Record set Start Marker

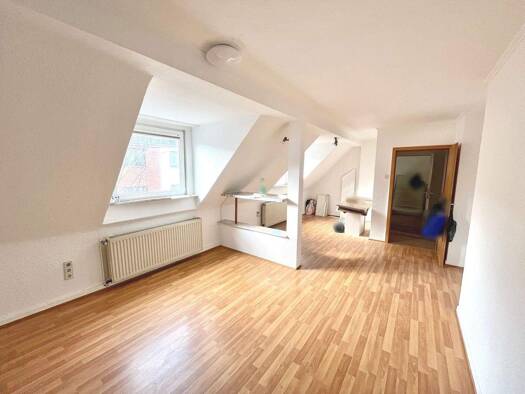 Wohnung zum Kauf 89.500 € 2 Zimmer 55,7 m² Ruhrort Duisburg 47119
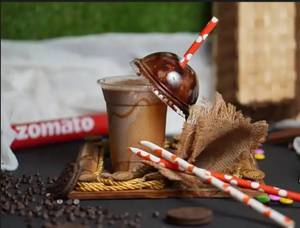 Caramel Hazelnut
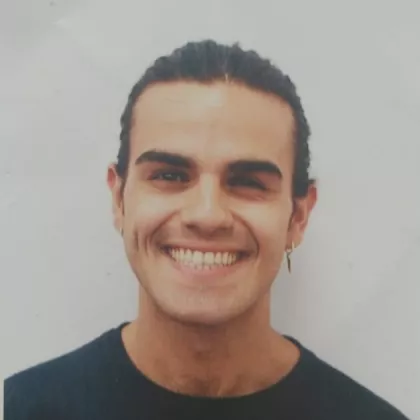 Gonzalo Leguía Fauró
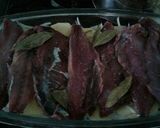 Foto del paso 3 de la receta: Pescado pochado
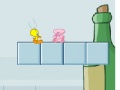 Logħba Quacker Save Jerry  onlajn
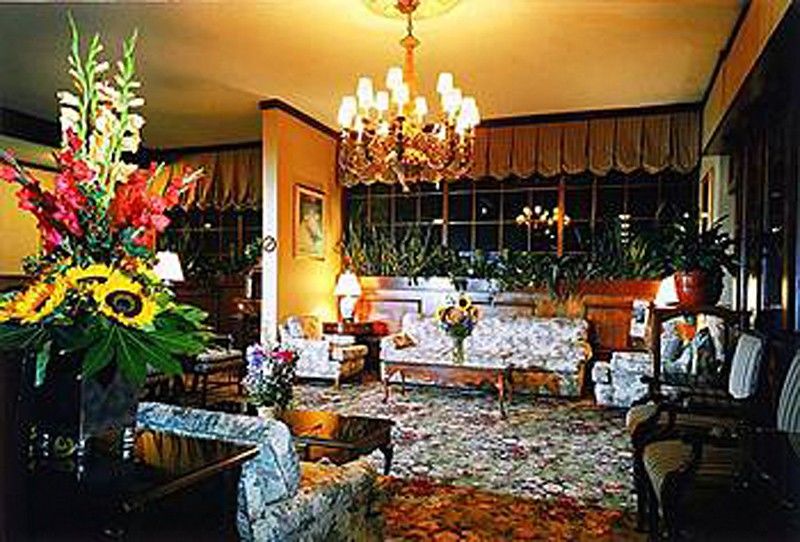 Hotel Sportsmen's Los Angeles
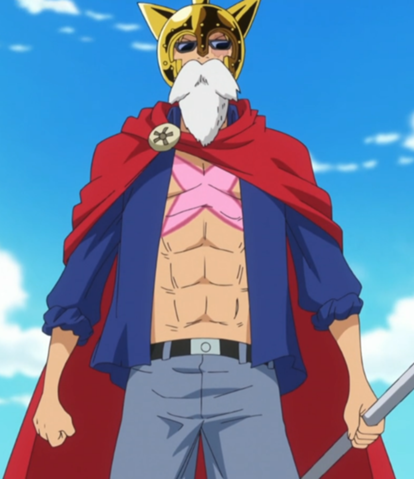 Sabo, One Piece Wiki
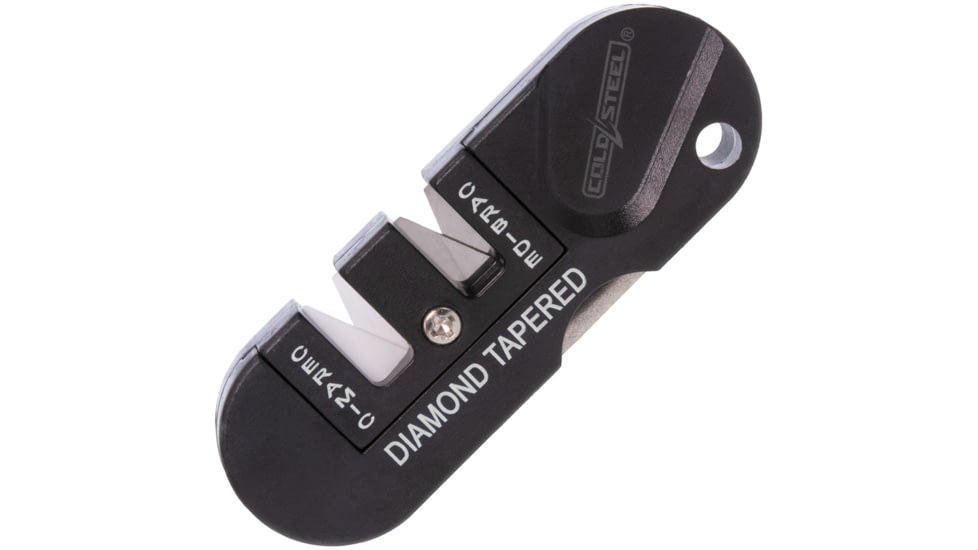 Cold Steel 3-in-1 Knife Sharpener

Record set End Marker

● **Problem requirements**
Go through the data and return every word of it verbatim, leaving out the pictures.

● **Solution for this exercise**
 Wohnung zum Kauf 89.500 € 2 Zimmer 55,7 m² Ruhrort Duisburg 47119
 Caramel Hazelnut
 Gonzalo Leguía Fauró
 Foto del paso 3 de la receta: Pescado pochado
 Logħba Quacker Save Jerry  onlajn
 Hotel Sportsmen's Los Angeles
 Sabo, One Piece Wiki
 Cold Steel 3-in-1 Knife Sharpener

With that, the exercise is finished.